TASK ITEM:
Give back the records below verbatim, please, but without a single image.

SOURCE MATERIAL:

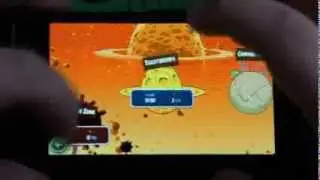 Обзор игры Angry Birds Space для Android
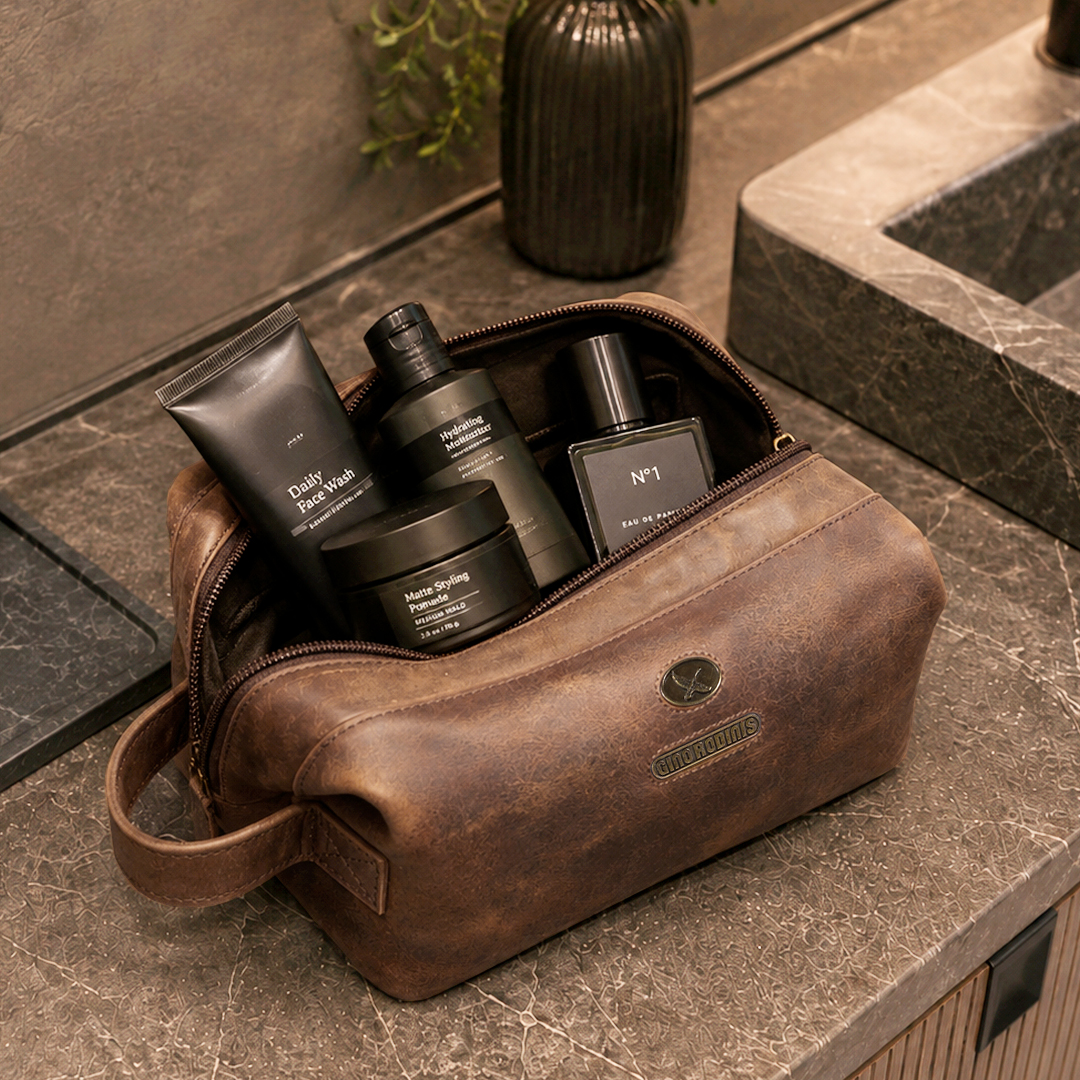 Necessaire 2452 Camel - Imagen 2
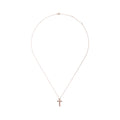 14Kt Yellow Gold Diamond 1/12Ctw Pendant - NP06521-4YB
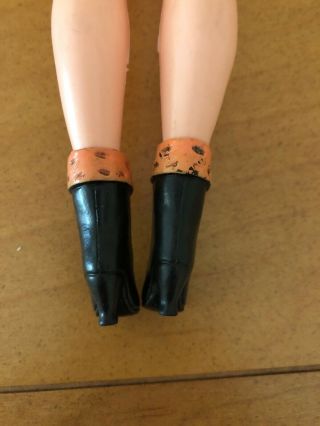 RARE VINTAGE 1965/66 HONEY WEST DOLL TV SHOW ANNE FRANCIS by GILBERT WITH BOOTS 6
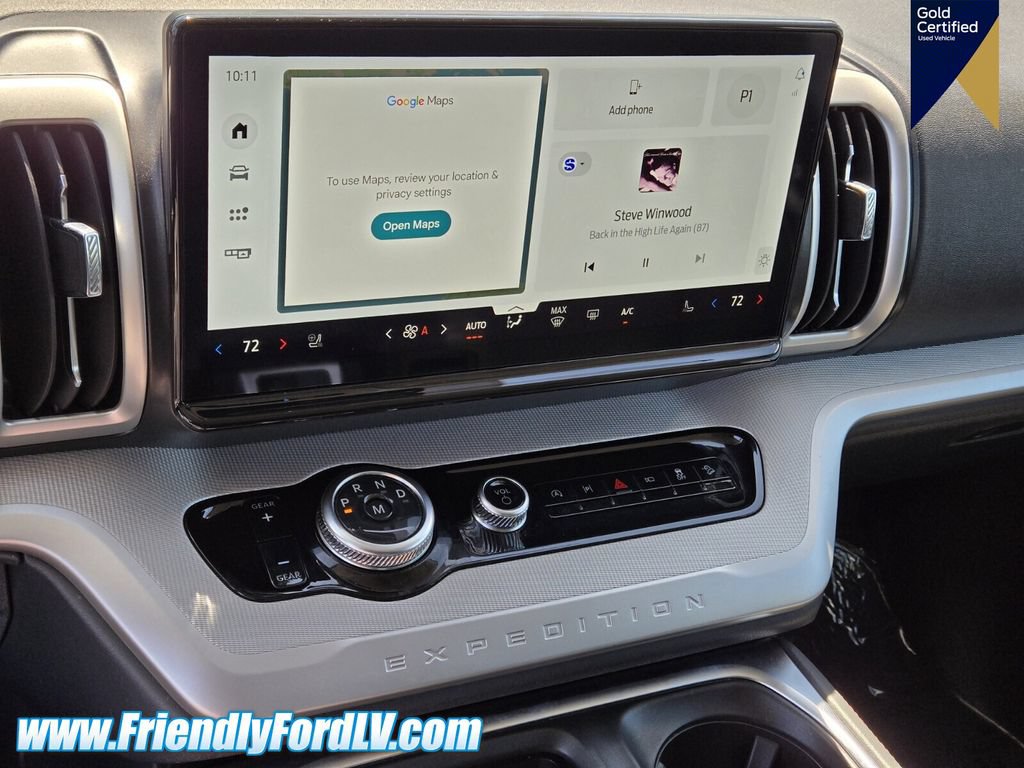 Certified 2025 Ford Expedition Active AWD/4WD image 22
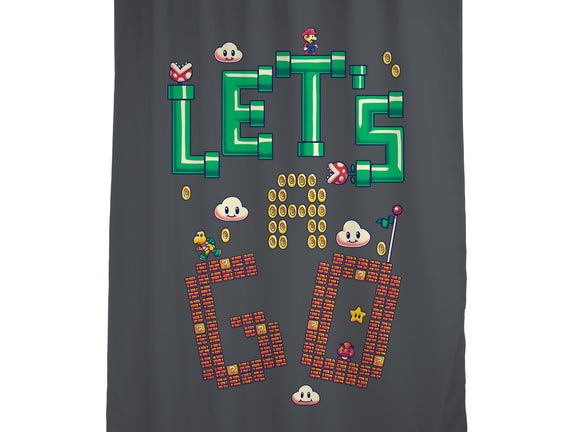 Mario Let's A Go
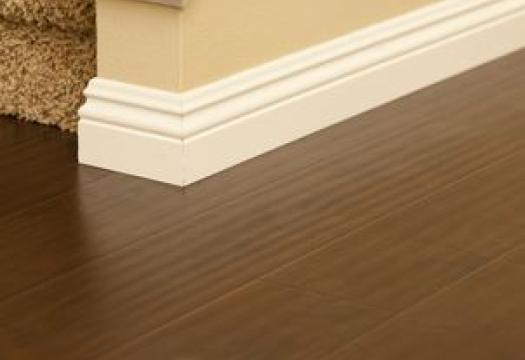 clean baseboards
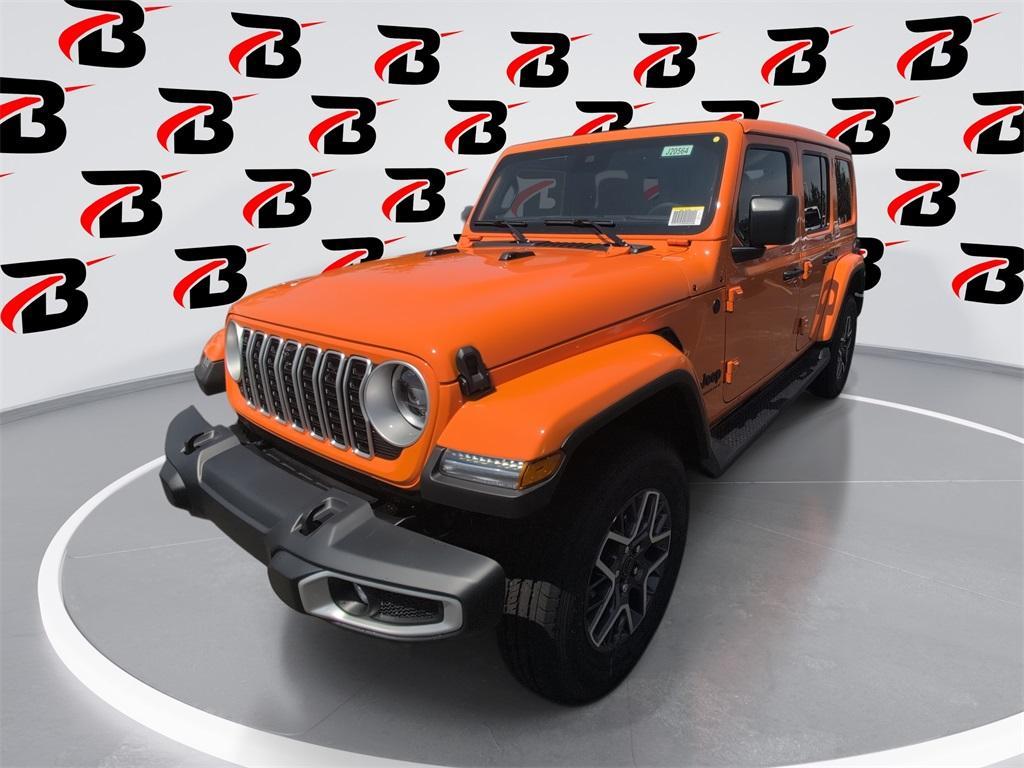 new 2025 Jeep Wrangler car, priced at $54,135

ANSWER FOR THIS EXERCISE:
 Обзор игры Angry Birds Space для Android
 Necessaire 2452 Camel - Imagen 2
 14Kt Yellow Gold Diamond 1/12Ctw Pendant - NP06521-4YB
 RARE VINTAGE 1965/66 HONEY WEST DOLL TV SHOW ANNE FRANCIS by GILBERT WITH BOOTS 6
 Certified 2025 Ford Expedition Active AWD/4WD image 22
 Mario Let's A Go
 clean baseboards
 new 2025 Jeep Wrangler car, priced at $54,135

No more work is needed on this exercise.